Although GM's engineers and the Pratt & Miller crew did everything they could to overcome their cars' legislated obesity, in the end, it was all for naught. The race finished with 1,000 miles accomplished in 9.5 hours, the Astons sitting in First and Second and the Corvettes trailing in Third and Fourth.
Only one race remained in the ALMS schedule, and the duel at Monterey's Laguna Seca race course would determine the series championship. The Corvette team was 7 points ahead in the manufacturer's standings after Petit Le Mans, and Olivier and Oliver had an 11-point lead for the driver's championship.
Would the ALMS allow the Corvette to forego the mandated high-calorie diet and regain its original trim form? Either way, the folks at Pratt & Miller and GM Racing would be doing everything they could to keep the foreign invaders from usurping their American championship.

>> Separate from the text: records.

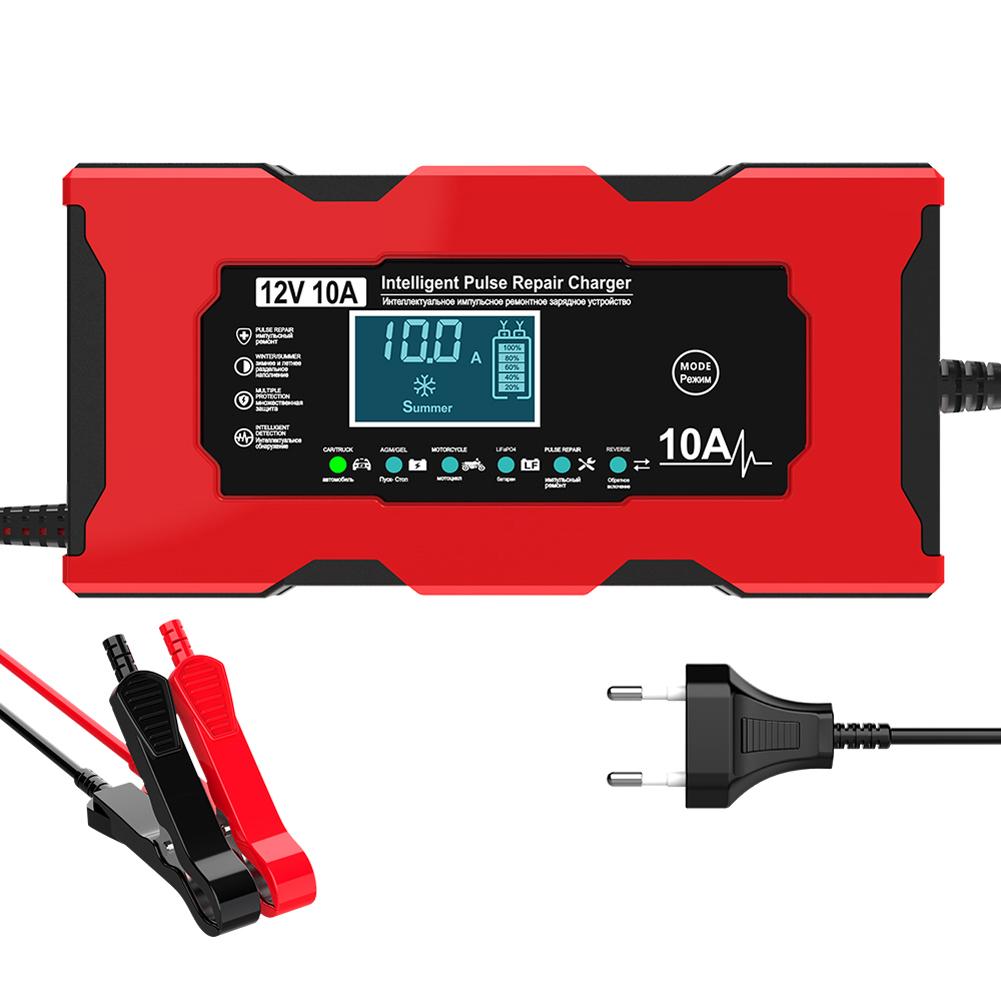 12V 10A Electric Motorcycles Charger LCD Display Smart Charger Moto Battery Charger for Lead-Acid AGM GEL Batteries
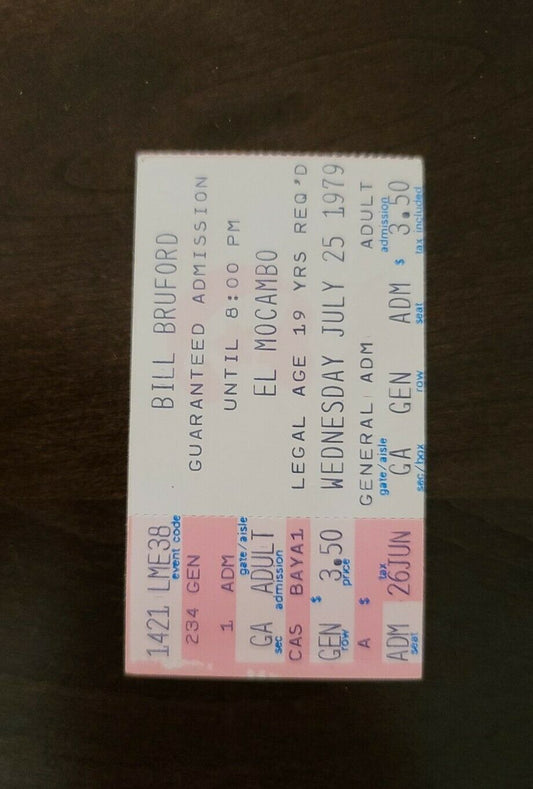 Bill Bruford 1979 Toronto El Mocambo Original Vintage Concert Ticket Stub
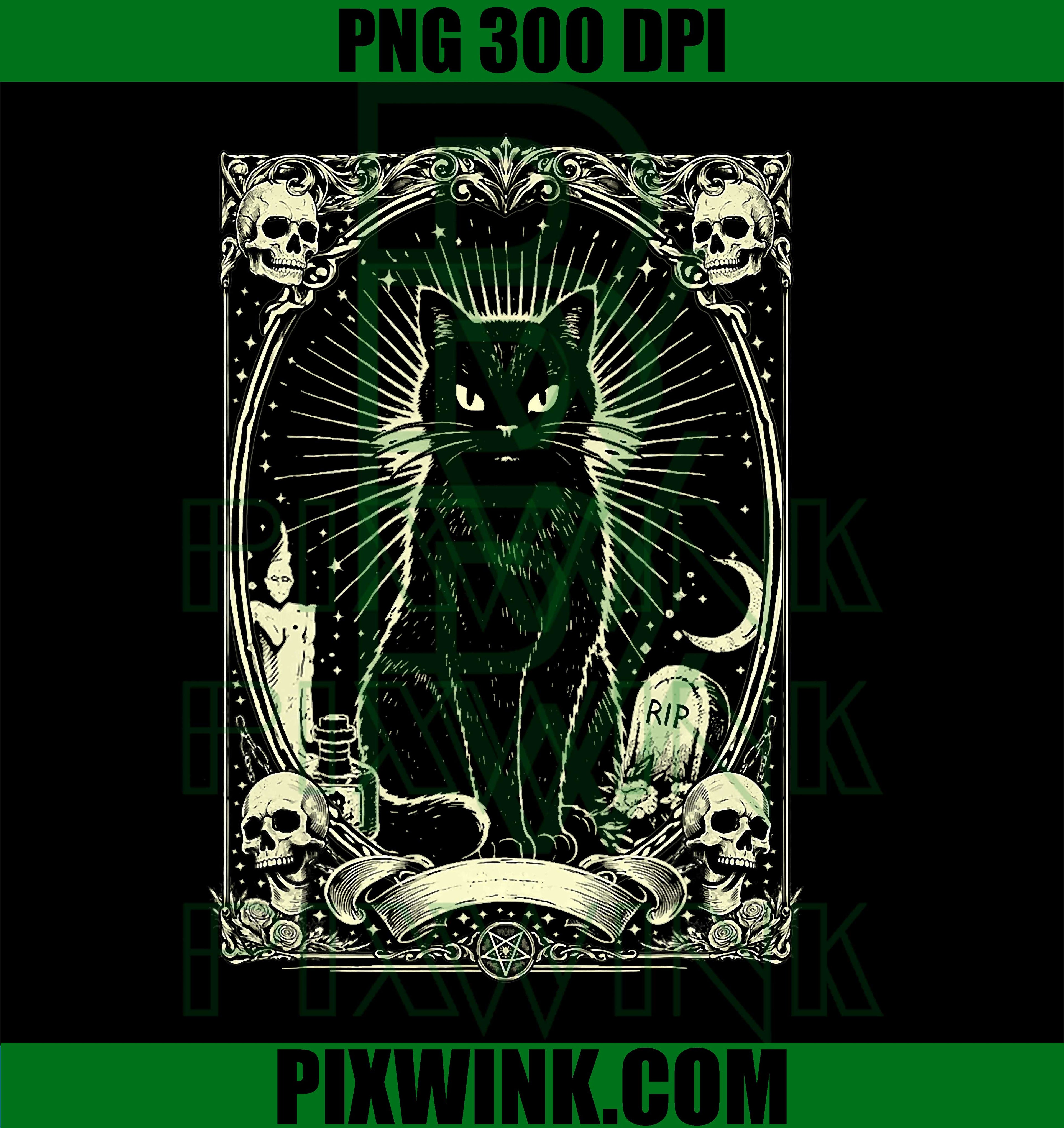 Gothic Black Cat PNG, Vintage Cat Design PNG, Dark Aesthetic PNG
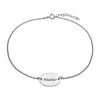 Personalized Women's Sterling Silver or Gold over Silver Engraved Name Oval Disc Anklet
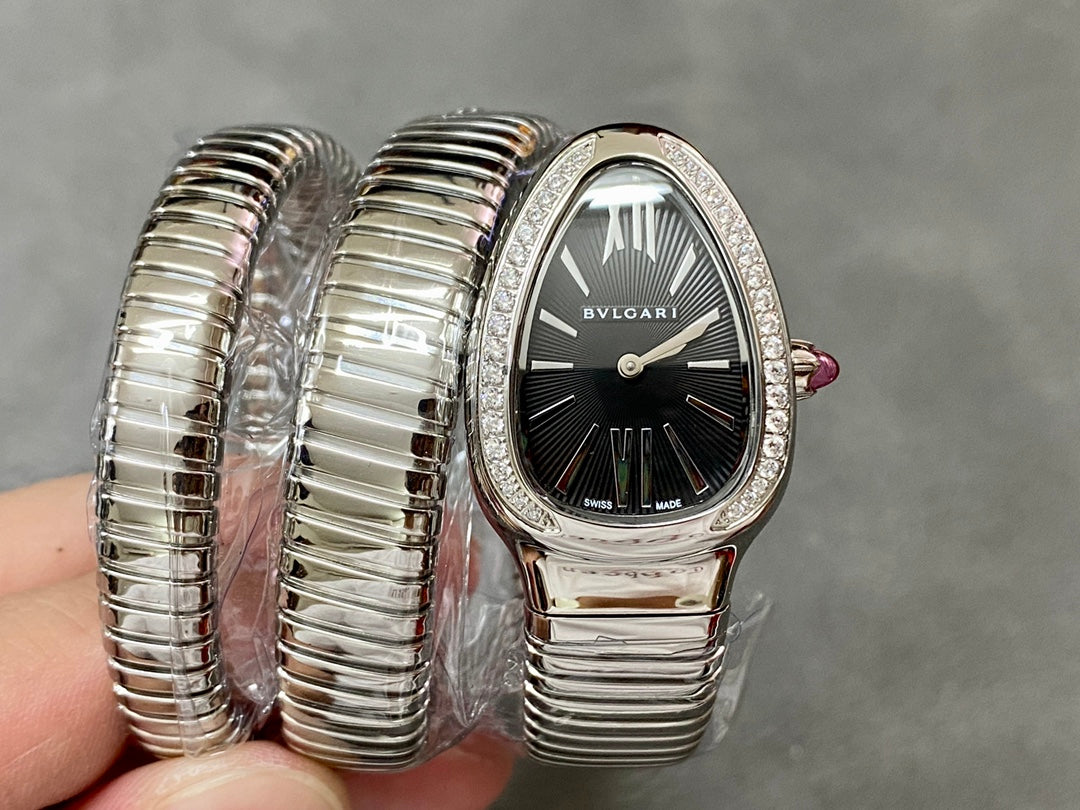 SERPENTI TUBOGAS QUARTZ STEEL BLACK DIAL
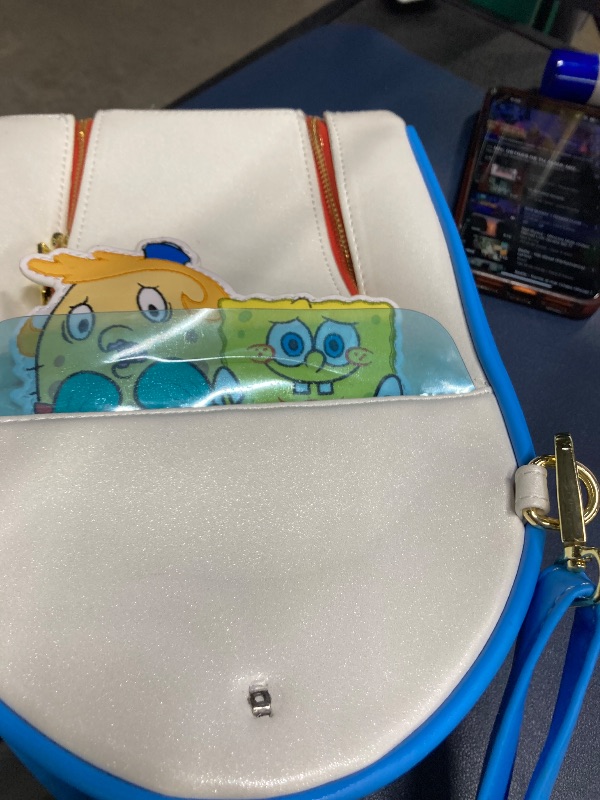 Photo 1 of ***damage minor8***Loungefly Nickelodeon: Spongebob SquarePants 25th Anniversary - Spongebob and Mrs. Puff in Boatmobile Crossbody Purse, Amazon Exclusive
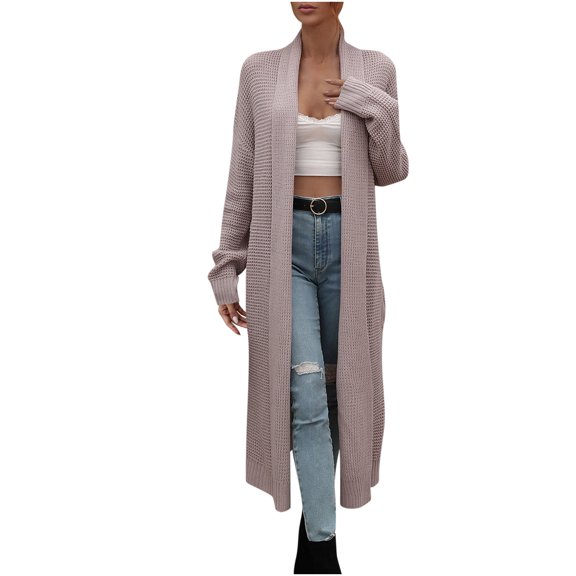 Lindreshi Cardigan Sweaters for Women Woman Fashion Long Sleeves Solid Color Loose Tops Blouse Sweater Cardigan
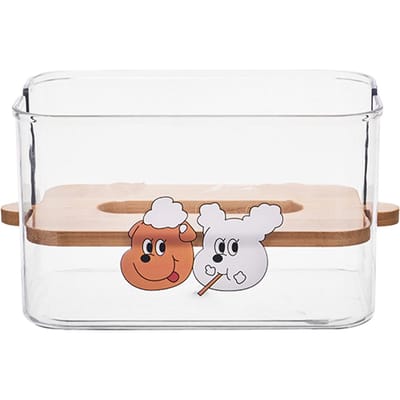 Tissuehouder met Houten Deksel Ophefbaar Plastic Gezichtspapierdoos Transparante Servetten Opbergdoos Type 1 Uniform Size white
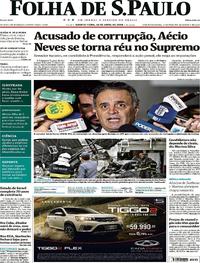 Capa do jornal Folha de S.Paulo 18/04/2018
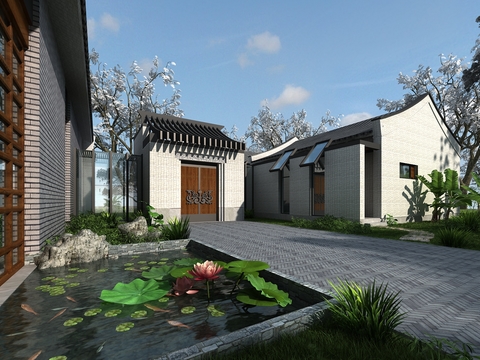 New Chinese Courtyard Garden Free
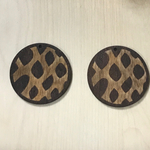 WOOD BROWN CIRCLE LEOPARD CHARM PARTS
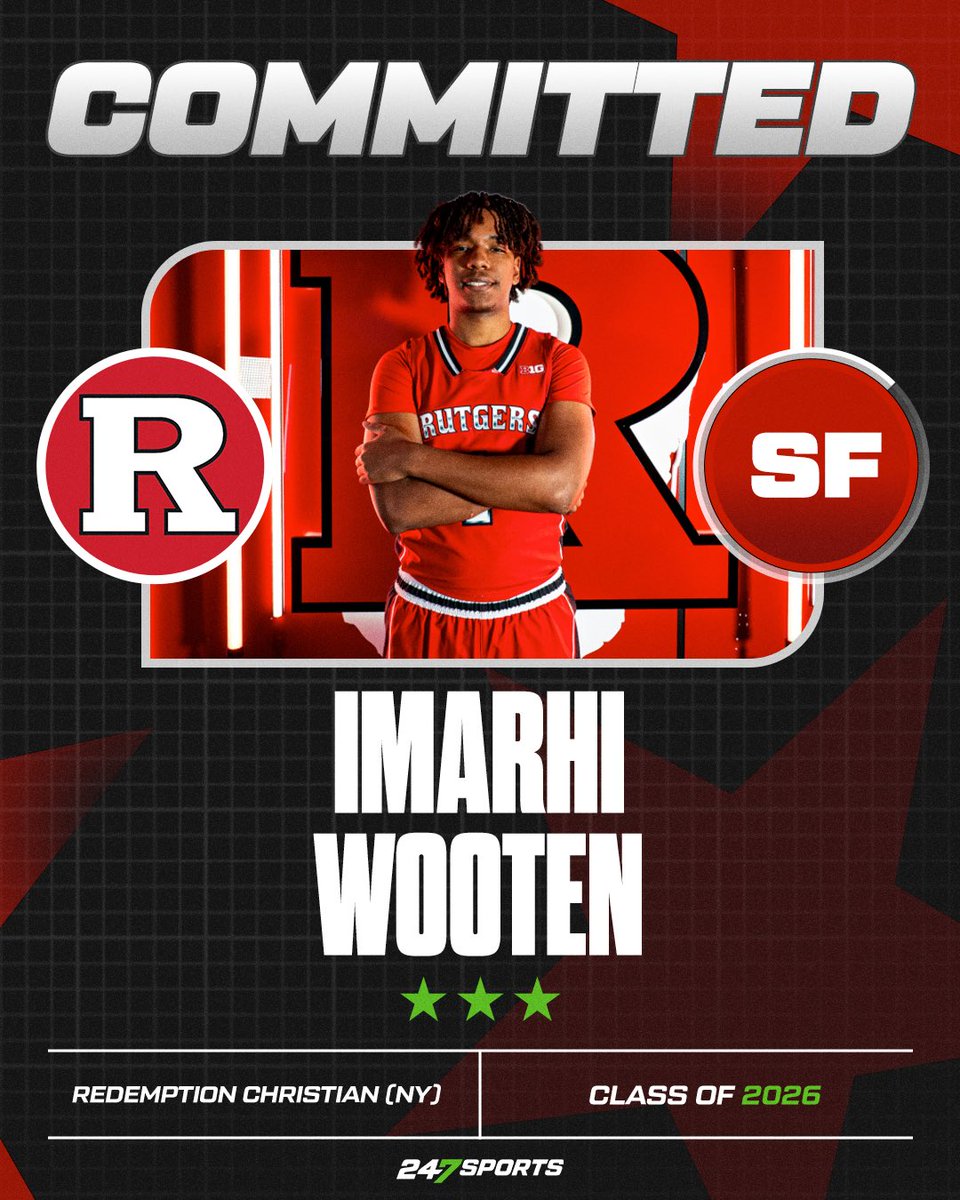 NEWS: Imahri Wooten, a three-star prospect in the class of 2026, has committed to Rutgers, sources tell <a href="/247Sports/">247Sports</a> 

247sports.com/player/imahri-…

In 2006, the American Le Mans Series sanctioning body decided to adjust the competitiveness of series entries by penalizing certain teams that showed a performance advantage over their competition. To this end, officials demanded that the successful C6.Rs of Corvette Racing be placed on an immediate weight-gain program.
The ALMS dietitians fiddled constantly with the amount of "success" weight added throughout the year's race schedule. The result was that the Corvettes were consistently overweight compared with their competition. Fortunately for the Vettes, the extra weight didn't have to be added in any specific place. This allowed the engineers to distribute the ballast to their best advantage.
Here, Corvette Team member David James is attaching a weight plate to the inside bottom of the C6.R's carbon-fiber door. These plates, which come in various sizes, were placed in strategic spots throughout the car in an effort to minimize their effect on handling.